An Industrial-Style Home Filled With Vintage and Resurrected Finds
Secondhand buys mixed with huge artworks create a casual nest for a family of five
Nowadays, the industrial style is all the rage. Everyone seems to be leaving their concrete floors unwaxed and their furniture pieces unpolished. But what sets this bungalow, split-level home apart from the others is the abundance of art and vintage pieces nestled within its walls. Some people may call all these knickknacks "junk," but for this couple living in the house with their sons, these are treasured finds.
The lady of the house says, "We don't want a picture-perfect house. We want to create an atmosphere where people will feel right at home in our house, where they don't feel ilang." In this property, nothing looks formal or contrived, just the way the couple envisioned it.
Read the original article ("Bold Moves") in the February 2016 issue of Real Living Magazine. Download your digital copy of Real Living on the Real Living App. Log on to summitnewsstand.com.ph/real-living for more details.
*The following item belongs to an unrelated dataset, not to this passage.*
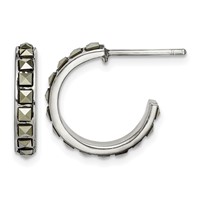 Sterling Silver Square Marcasite 15x 3.5 Hoop Post Earrings view 1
This door is actually an old Negros Navigation container van that the man of the house repurposed into a front door for the home. The original plan was to have a door made of narra, but he found it expensive.
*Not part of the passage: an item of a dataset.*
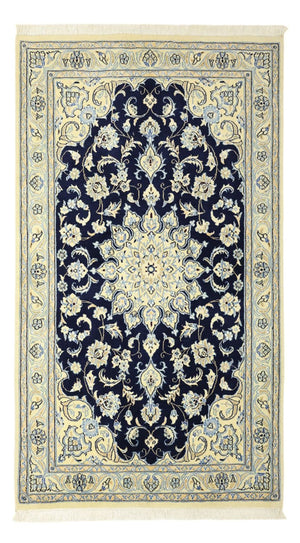Tapis persan - Nain - Royal - 152 x 87 cm - bleu foncé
Low sofas made from wood pallets make for a casual and inviting lounging area. Cushions upholstered in white soften the look and add to the bright and airy feel made possible by the abundance of natural light. A sunken seating area houses a foosball table, one of the many games that complete the family's game night.
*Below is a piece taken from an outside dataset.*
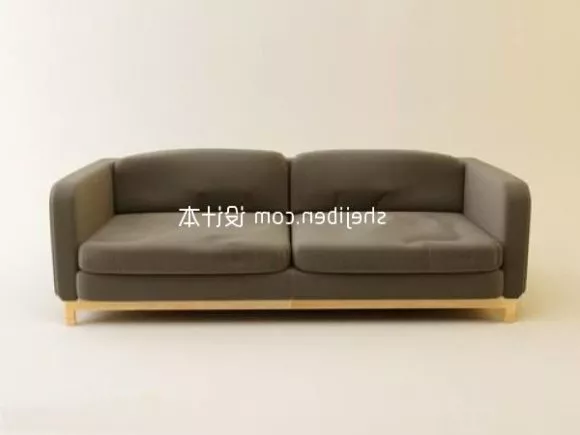 Double Sofa Grey Upholstery 3d model Double Sofa Grey Upholstery 3d model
This 12-seater dining table is made from salvaged yakal and is accompanied by chairs bought at a Japanese thrift shop in Manila. A wooden bench adds variety to the seating pieces in the area.
This area where the swings are is the favorite spot of the man of the house. "That's where our older sons sit and talk to each other in the morning," he says. The swings also add a playful vibe. "We want our boys to see our house as a big play area," he adds.
Who says artwork need to be hung? Two huge artworks casually lean against the wall at the hallway leading to the kitchen.
Open shelves house the family's plates, cups, and glasses—all neatly organized. A counter separates the kitchen from the dining area. The couple originally planned this countertop to be a breakfast nook, but the family ends up eating their meals at the 12-seater dining table.
Floor to ceiling glass walls and sliding doors let in lots of natural light, thus making the house maaliwalas. Get those black barstools at Mobler, 5977 Enrique St., Palanan, Makati City.
The wrought iron work decorating the door that leads to the garden allude to the house's vintage origins. Natural light keeps the area from looking dark and brooding even with the presence of concrete floors and wooden beams overhead.
This wall with bookshelves made from recycled wood adds to the raw and rough look that the house sports. Meanwhile, the couple got the barber's chair from a thrift shop. Find secondhand chairs at Evangelista area, Brgy. Bangkal, Makati City, or join Manila Furniture Buy and Sell on Facebook to see more secondhand finds.
The husband, who is a photographer, wanted to leave the walls plain white so he can use them for his photo shoots. This area form part of his studio, which is separated from the main house with sliding doors.
A small altar shows the couple's spirituality. The small set of drawers bought in the U.S. houses small knickknacks.
A native armchair that the lady of the house bought at a bazaar makes for cozy seating in this nook. Find a similar desk lamp at Dimensione, One Parkade, Bonifacio Global City, Taguig City.
The master bedroom's open layout makes the area look spacious and inviting. The lady of the house says that she and her husband along with their three sons end up sleeping in the master bedroom. It has an adjoining walk-in closet and bathroom. A framed artwork and a few knickknacks decorate the ledge at the head of the bed.
The couple's sons made the artwork on the black window shades. Bunk beds provide additional sleeping space, while the small tables and chairs make for an excellent spot for reading, drawing, or coloring books.
Metal-grid shelving bring the industrial vibe to the boys' bedroom. The lady of the house says that this room is witness to impromptu sleepovers when the boys' cousins come to visit. Two framed artworks stand against the white wall and add color to the room.
These lockers are actually the closets of the couple's sons. Find similar lockers at HMR, Pioneer St., Mandaluyong City.